The average Canadian spends more than $1,000 per year on coffee. So why do so many Canadian football fans balk at a $5 paywall?
With news that Concacaf Champions League games will now be broadcast on OneSoccer, the ‘why can’t we watch games for free?’ debate is trending on social media again.
And on the latest Waking the Red Weekly presented by Footy Talks, Michael Singh discussed the relationship between growing the game in Canada as a whole, and supporting the organizations that have stepped up to the plate of realizing that goal.
“The blame should not be on OneSoccer. I know a lot of people are like, ‘oh, OneSoccer why are we having to pay for you?’ Guys: OneSoccer is the one who’s picking everyone else up. OneSoccer is the one who stepped in when nobody else would.”
“So if you want to point your anger, frustrations or disappointment towards people, it should be towards the major media companies like TSN and Sportsnet. Because two or three years ago, when all of the broadcast rights (deals) went down and Media Pro stepped in for OneSoccer, TSN and Sportsnet had the opportunity to see what was in front of them—to see what was on the horizon in terms of the growth of Canada Soccer in this country—and you know what? They decided not to step up to the plate at that time.”
“OneSoccer swooped in, and they’ve been providing some excellent pre- and post-game coverage—excellent coverage during the broadcast as well. I honestly think that their pregame coverage has been better than TSN’s coverage of Toronto FC. So, if you’re complaining about paying a few bucks for content, consider that these are the guys you should be supporting.”
“Yes it’s a few extra bucks. But you have to peel back the curtain and realize that we need to thank our lucky stars that OneSoccer even exists right now. Because if it wasn’t for OneSoccer, where would these games be played?”

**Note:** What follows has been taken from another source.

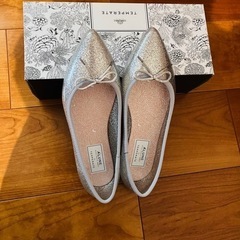 ALUNE アルネ　レインシューズ　シルバー　23cm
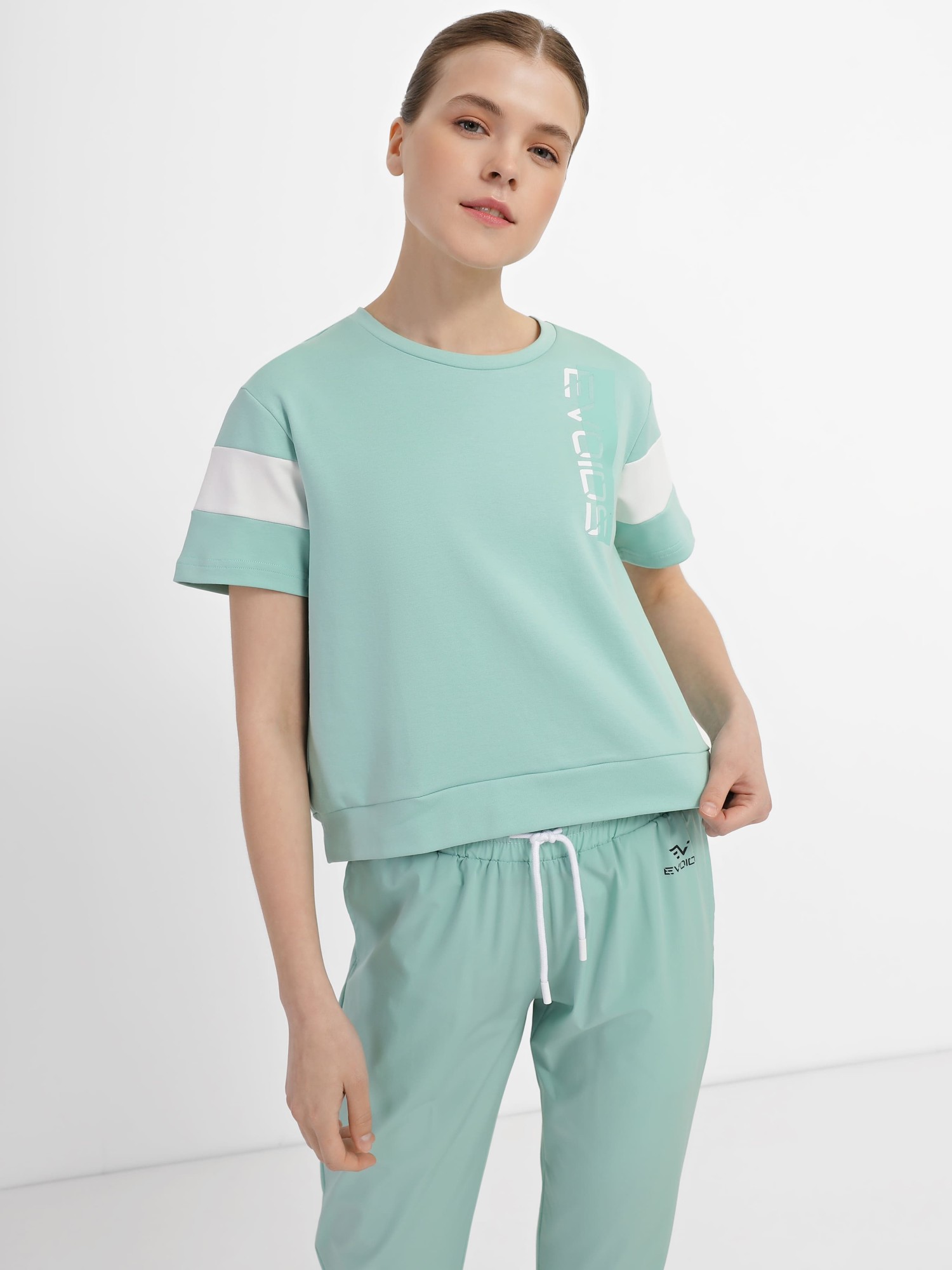 Футболка женская Evoids Motely зеленая 552334-310 изображение 3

— OneSoccer (@onesoccer) March 29, 2021
The 2021 Scotiabank Concacaf Champions League is now available on OneSoccer! ⚽
First up? @TorontoFC vs. @clubleonfc
LEG 1️⃣ - April 7
LEG 2️⃣ - April 14 #TFClive | #SCCL21
SUBSCRIBE https://t.co/hishXepRT3 pic.twitter.com/eUu5TXXRiy
In answer to that question, Mitchell Tierney recounted the lengths that fans previously had to go to to watch the national team, from shaky single cameras to regional radio broadcasts:
“When I started watching the Canadian men’s national team, you were only going to get to watch Canada if they were playing in the Gold Cup or in a later round of World Cup Qualifiers. Otherwise you had to hope that the local broadcaster in like, St Lucia or whatever, would be picking it up.”
“I remember listening to radio feeds of games—it used to be a whole ordeal just to find a feed. Now it’s super easy. You know where it’s going to be. You know they’re going to have a dedicated show built around these games. To me, that’s what grows the game: it’s having these conversations and giving these games what they deserve in terms of treatment, versus potentially just having a game simulcast on TSN or Sportsnet.”
“And obviously, we want to get to a point where it’s a dedicated feed in TSN or Sportsnet, but right now I don’t think we’re in a bad position. I think all this hand-wringing and such doesn’t make sense to me considering where Canada Soccer’s come from in their recent past.”
For Jeffrey P. Nesker, the ‘hand-wringing’ is also on shaky ground because existing cable sports coverage isn’t a free service either:
“I find the question so infuriating. It’s like, ‘where can I watch this game?’ We all know where you can watch this game: you just don’t want to pay to watch the game. So ask the right question.”
“It’s not ‘where is the game?’ Likes it’s some kind of eternal mystery. There’s an answer to the question. And you know the answer to the question. So at least be honest. And then when people are saying ‘why can’t I get it for free?’ — well that’s flawed logic because it’s not free on Sportsnet and TSN.”
Ultimately, supporting OneSoccer in 2021 is about supporting the growth of Canadian football in general. And that’s arguably more important than ever, considering that the country is at a unique point in its own sporting history. Canada finally has its first and only bonafide global football star, and more and more young players are on the radar of top clubs around the world:
“It’s a tragedy that Alphonso Davies, who is a global icon and worth more than probably any other North American athlete, is not being provided coverage on TV, let alone the dozens of kids that are coming through that are going to be similar to that level,” said Singh. “We need to get eyes on this Canada Soccer team—casual viewers who are scrolling through their television, and see Canada soccer on think ‘hey people are talking about this, let me see what this is all about. And then you see them defeat a team 11-0 and you realize ‘ok, this hype is real, let’s get excited, how are they going to do in their next World Cup Qualifying match?’
“It’s a few bucks—but it’s a few bucks going to people like us. OneSoccer is trying to grow the game in this country. They’re doing everything they can [...] One day, OneSoccer may even become a television network if they get enough of us supporting them. So it comes down to us supporting the beautiful game in our country.”